- VHS cover
- Based on: The Worst Witch by Jill Murphy
- Screenplay by: Mary Pleshette Willis
- Directed by: Robert W. Young
- Starring: Diana Rigg Tim Curry Charlotte Rae Fairuza Balk
- Country of origin: United Kingdom
- Original language: English

Production
- Executive producer: Hilary Heath
- Producer: Colin Shindler
- Cinematography: Ian Hollands
- Editor: Andrew Denny
- Running time: 70 minutes
- Production company: Central

Original release
- Network: ITV
- Release: 1 November 1986

= The Worst Witch (film) =

1986 British television film

The Worst Witch is a 1986 British musical fantasy television film based on the first children's book in The Worst Witch series, written in 1974, by the English author Jill Murphy.
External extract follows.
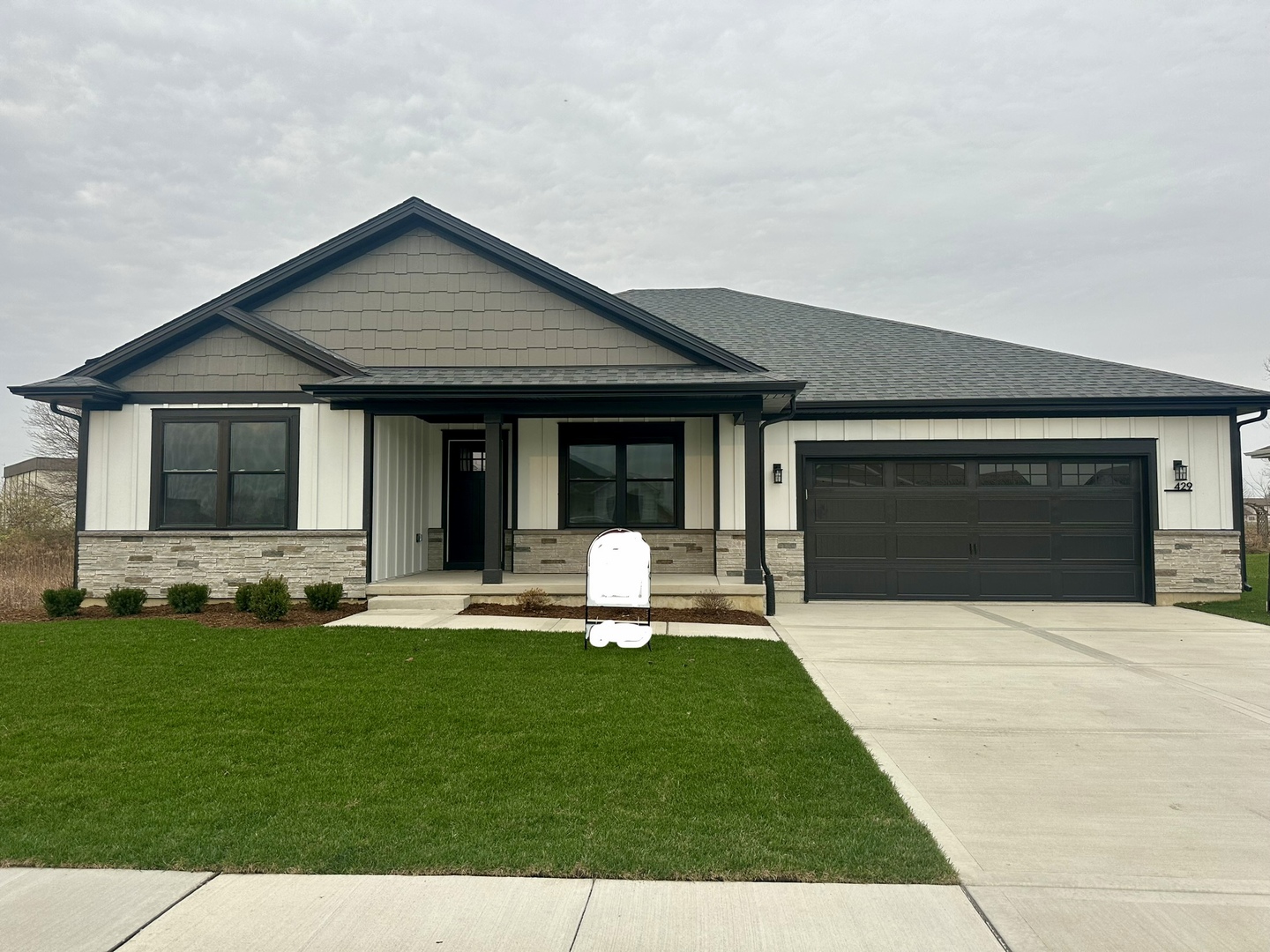 a house with garden in front of it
The film stars Fairuza Balk as Mildred Hubble, who is the "Worst Witch" at Miss Cackle's Academy for Witches. Charlotte Rae plays Miss Cackle, Diana Rigg stars as Miss Hardbroom, and Tim Curry plays the Grand Wizard who appears at Halloween. The opening and closing song, "Growing Up Isn't Easy", is performed by the English West End theatre star Bonnie Langford. Several television series and adaptations have aired for both ITV and the BBC between 1998 and 2020.

==Plot==
The story revolves around Mildred Hubble, who is invariably the "Worst Witch" at Miss Cackle's Academy for Witches. Mildred causes many mishaps, including being late for school, making all of her classmates fall down, unintentionally turning herself and her friend Maud Warlock invisible, and transforming the class bully Ethel into a pig. The climax surrounds Miss Amelia Cackle's notorious evil twin sister, Agatha, plotting to take over the academy. Ultimately Agatha is foiled by Mildred, and Mildred establishes herself as the hero for the academy.

==Cast==
- Fairuza Balk as Mildred Hubble
- Diana Rigg as Miss Constance Hardbroom
- Charlotte Rae as Miss Amelia Cackle/Agatha Cackle
- Tim Curry as Grand Wizard Egbert Hellibore
- Sabina Franklyn as Miss Spellbinder
- Su Elliot as Delilah
- Danielle Batchelor as Maud Warlock
- Anna Kipling as Ethel Hallow
- Kate Buckley as Donna
- Leila Marr as Pixie Brown
- Liz May Brice as Zoe Chant-Vestry
- Katrina Heath as Sophie Hattrick
- Tara Stevenson as Gloria Hobgoblin
- Laura Heath as Misty Meadow
- Sophie Cook as Natalie Sinister
- Sophie Millett as Verity Sinister
- Julia J. Nagle as Bubble Toil
- Kathryn Lacey as Goodie Twocharm
- Nevena Kaley as Dawn Undercover
- Caroline Woolf as Julie Vanishing
- Amy Shindler as Spinner Webb
- Pui Fan Lee as Prefect

==Production==
The film was shot at St Michael's College in Tenbury Wells, Worcestershire, England.

==Soundtrack==
The film's opening and closing song "Growing Up Isn't Easy" was performed by the West End star Bonnie Langford and was composed by Charles Strouse with lyrics by Don Black. The pair also wrote "Anything Can Happen on Halloween". Denis King composed the film's score and wrote the song "My Little School".